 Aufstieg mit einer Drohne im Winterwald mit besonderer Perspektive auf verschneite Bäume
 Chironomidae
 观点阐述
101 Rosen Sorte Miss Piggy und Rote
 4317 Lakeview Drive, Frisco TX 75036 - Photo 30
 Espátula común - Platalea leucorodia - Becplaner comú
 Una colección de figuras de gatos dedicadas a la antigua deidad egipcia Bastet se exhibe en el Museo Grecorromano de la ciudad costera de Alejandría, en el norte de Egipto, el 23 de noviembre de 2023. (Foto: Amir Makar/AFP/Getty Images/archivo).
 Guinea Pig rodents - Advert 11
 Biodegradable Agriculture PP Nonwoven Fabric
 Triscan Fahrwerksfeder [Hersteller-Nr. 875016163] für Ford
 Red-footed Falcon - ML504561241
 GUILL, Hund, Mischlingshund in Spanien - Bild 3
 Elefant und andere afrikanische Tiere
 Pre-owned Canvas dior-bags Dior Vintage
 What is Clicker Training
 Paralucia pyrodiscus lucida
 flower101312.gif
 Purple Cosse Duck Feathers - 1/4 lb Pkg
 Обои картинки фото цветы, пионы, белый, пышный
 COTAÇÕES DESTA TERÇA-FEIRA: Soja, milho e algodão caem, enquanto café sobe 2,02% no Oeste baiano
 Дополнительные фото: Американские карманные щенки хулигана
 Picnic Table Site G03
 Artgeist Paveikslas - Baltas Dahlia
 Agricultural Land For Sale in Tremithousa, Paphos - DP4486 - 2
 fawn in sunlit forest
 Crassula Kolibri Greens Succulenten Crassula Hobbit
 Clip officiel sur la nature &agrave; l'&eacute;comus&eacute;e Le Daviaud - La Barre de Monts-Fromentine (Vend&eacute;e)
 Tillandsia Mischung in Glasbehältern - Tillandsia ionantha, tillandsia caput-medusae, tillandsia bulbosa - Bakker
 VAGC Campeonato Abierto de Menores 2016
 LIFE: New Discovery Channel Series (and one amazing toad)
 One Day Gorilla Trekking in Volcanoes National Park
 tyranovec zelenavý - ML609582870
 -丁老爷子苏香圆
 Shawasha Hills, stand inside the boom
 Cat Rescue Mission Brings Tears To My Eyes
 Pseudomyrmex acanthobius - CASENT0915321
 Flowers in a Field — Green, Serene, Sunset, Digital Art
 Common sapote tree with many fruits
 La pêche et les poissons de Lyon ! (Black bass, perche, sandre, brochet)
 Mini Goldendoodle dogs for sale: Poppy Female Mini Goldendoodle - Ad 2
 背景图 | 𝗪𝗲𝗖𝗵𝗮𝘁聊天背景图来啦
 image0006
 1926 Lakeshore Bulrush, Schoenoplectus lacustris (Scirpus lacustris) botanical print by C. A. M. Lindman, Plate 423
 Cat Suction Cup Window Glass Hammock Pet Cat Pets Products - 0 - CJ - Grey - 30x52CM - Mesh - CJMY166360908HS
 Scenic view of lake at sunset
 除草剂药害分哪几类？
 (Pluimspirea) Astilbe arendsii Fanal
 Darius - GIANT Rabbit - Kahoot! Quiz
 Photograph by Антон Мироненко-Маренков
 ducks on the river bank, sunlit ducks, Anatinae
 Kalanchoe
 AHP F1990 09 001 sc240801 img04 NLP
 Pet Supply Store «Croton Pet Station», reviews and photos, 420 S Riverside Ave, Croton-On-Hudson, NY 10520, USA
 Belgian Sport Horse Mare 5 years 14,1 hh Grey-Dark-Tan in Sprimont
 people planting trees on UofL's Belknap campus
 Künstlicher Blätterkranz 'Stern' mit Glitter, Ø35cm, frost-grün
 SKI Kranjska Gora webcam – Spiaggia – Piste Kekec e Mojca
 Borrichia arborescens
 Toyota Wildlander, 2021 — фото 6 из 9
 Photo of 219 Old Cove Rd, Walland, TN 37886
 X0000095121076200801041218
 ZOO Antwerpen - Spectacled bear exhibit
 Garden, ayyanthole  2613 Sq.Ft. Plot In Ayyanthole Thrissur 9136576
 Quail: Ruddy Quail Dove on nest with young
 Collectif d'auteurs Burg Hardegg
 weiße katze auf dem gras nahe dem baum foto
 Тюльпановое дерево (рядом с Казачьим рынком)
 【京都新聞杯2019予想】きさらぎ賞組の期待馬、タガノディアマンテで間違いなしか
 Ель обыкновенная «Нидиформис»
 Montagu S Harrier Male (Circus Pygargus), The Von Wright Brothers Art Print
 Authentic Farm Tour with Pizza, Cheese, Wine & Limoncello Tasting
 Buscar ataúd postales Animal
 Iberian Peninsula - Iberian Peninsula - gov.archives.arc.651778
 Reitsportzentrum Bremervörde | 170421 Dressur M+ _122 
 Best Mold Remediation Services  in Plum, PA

What needs to be done :: Each entry above should be output again, precisely as given.

Task result ::
 Aufstieg mit einer Drohne im Winterwald mit besonderer Perspektive auf verschneite Bäume
 Chironomidae
 观点阐述
101 Rosen Sorte Miss Piggy und Rote
 4317 Lakeview Drive, Frisco TX 75036 - Photo 30
 Espátula común - Platalea leucorodia - Becplaner comú
 Una colección de figuras de gatos dedicadas a la antigua deidad egipcia Bastet se exhibe en el Museo Grecorromano de la ciudad costera de Alejandría, en el norte de Egipto, el 23 de noviembre de 2023. (Foto: Amir Makar/AFP/Getty Images/archivo).
 Guinea Pig rodents - Advert 11
 Biodegradable Agriculture PP Nonwoven Fabric
 Triscan Fahrwerksfeder [Hersteller-Nr. 875016163] für Ford
 Red-footed Falcon - ML504561241
 GUILL, Hund, Mischlingshund in Spanien - Bild 3
 Elefant und andere afrikanische Tiere
 Pre-owned Canvas dior-bags Dior Vintage
 What is Clicker Training
 Paralucia pyrodiscus lucida
 flower101312.gif
 Purple Cosse Duck Feathers - 1/4 lb Pkg
 Обои картинки фото цветы, пионы, белый, пышный
 COTAÇÕES DESTA TERÇA-FEIRA: Soja, milho e algodão caem, enquanto café sobe 2,02% no Oeste baiano
 Дополнительные фото: Американские карманные щенки хулигана
 Picnic Table Site G03
 Artgeist Paveikslas - Baltas Dahlia
 Agricultural Land For Sale in Tremithousa, Paphos - DP4486 - 2
 fawn in sunlit forest
 Crassula Kolibri Greens Succulenten Crassula Hobbit
 Clip officiel sur la nature &agrave; l'&eacute;comus&eacute;e Le Daviaud - La Barre de Monts-Fromentine (Vend&eacute;e)
 Tillandsia Mischung in Glasbehältern - Tillandsia ionantha, tillandsia caput-medusae, tillandsia bulbosa - Bakker
 VAGC Campeonato Abierto de Menores 2016
 LIFE: New Discovery Channel Series (and one amazing toad)
 One Day Gorilla Trekking in Volcanoes National Park
 tyranovec zelenavý - ML609582870
 -丁老爷子苏香圆
 Shawasha Hills, stand inside the boom
 Cat Rescue Mission Brings Tears To My Eyes
 Pseudomyrmex acanthobius - CASENT0915321
 Flowers in a Field — Green, Serene, Sunset, Digital Art
 Common sapote tree with many fruits
 La pêche et les poissons de Lyon ! (Black bass, perche, sandre, brochet)
 Mini Goldendoodle dogs for sale: Poppy Female Mini Goldendoodle - Ad 2
 背景图 | 𝗪𝗲𝗖𝗵𝗮𝘁聊天背景图来啦
 image0006
 1926 Lakeshore Bulrush, Schoenoplectus lacustris (Scirpus lacustris) botanical print by C. A. M. Lindman, Plate 423
 Cat Suction Cup Window Glass Hammock Pet Cat Pets Products - 0 - CJ - Grey - 30x52CM - Mesh - CJMY166360908HS
 Scenic view of lake at sunset
 除草剂药害分哪几类？
 (Pluimspirea) Astilbe arendsii Fanal
 Darius - GIANT Rabbit - Kahoot! Quiz
 Photograph by Антон Мироненко-Маренков
 ducks on the river bank, sunlit ducks, Anatinae
 Kalanchoe
 AHP F1990 09 001 sc240801 img04 NLP
 Pet Supply Store «Croton Pet Station», reviews and photos, 420 S Riverside Ave, Croton-On-Hudson, NY 10520, USA
 Belgian Sport Horse Mare 5 years 14,1 hh Grey-Dark-Tan in Sprimont
 people planting trees on UofL's Belknap campus
 Künstlicher Blätterkranz 'Stern' mit Glitter, Ø35cm, frost-grün
 SKI Kranjska Gora webcam – Spiaggia – Piste Kekec e Mojca
 Borrichia arborescens
 Toyota Wildlander, 2021 — фото 6 из 9
 Photo of 219 Old Cove Rd, Walland, TN 37886
 X0000095121076200801041218
 ZOO Antwerpen - Spectacled bear exhibit
 Garden, ayyanthole  2613 Sq.Ft. Plot In Ayyanthole Thrissur 9136576
 Quail: Ruddy Quail Dove on nest with young
 Collectif d'auteurs Burg Hardegg
 weiße katze auf dem gras nahe dem baum foto
 Тюльпановое дерево (рядом с Казачьим рынком)
 【京都新聞杯2019予想】きさらぎ賞組の期待馬、タガノディアマンテで間違いなしか
 Ель обыкновенная «Нидиформис»
 Montagu S Harrier Male (Circus Pygargus), The Von Wright Brothers Art Print
 Authentic Farm Tour with Pizza, Cheese, Wine & Limoncello Tasting
 Buscar ataúd postales Animal
 Iberian Peninsula - Iberian Peninsula - gov.archives.arc.651778
 Reitsportzentrum Bremervörde | 170421 Dressur M+ _122 
 Best Mold Remediation Services  in Plum, PA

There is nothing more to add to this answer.